──────── Data provided ────────

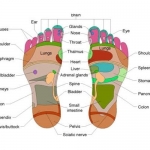 Kiyome Kinoki Επιθέματα Detox Foot Pads για Αποτοξίνωση 10τμχ.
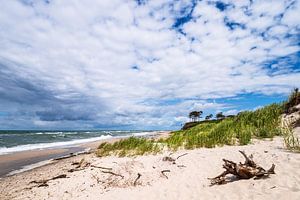 Der Weststrand auf dem Fischland-Darß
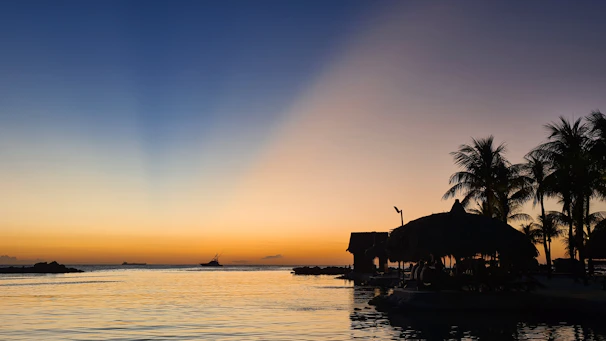 A sleek, borderless video player showing a vibrant sunset over a tropical beach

────────

What is being asked:
In the data above, find the line with "Der Weststrand auf dem Fischland-Darß" and repeat it and every line after it through the end, exactly; leave the pictures out.

Written reply:
 Der Weststrand auf dem Fischland-Darß
 A sleek, borderless video player showing a vibrant sunset over a tropical beach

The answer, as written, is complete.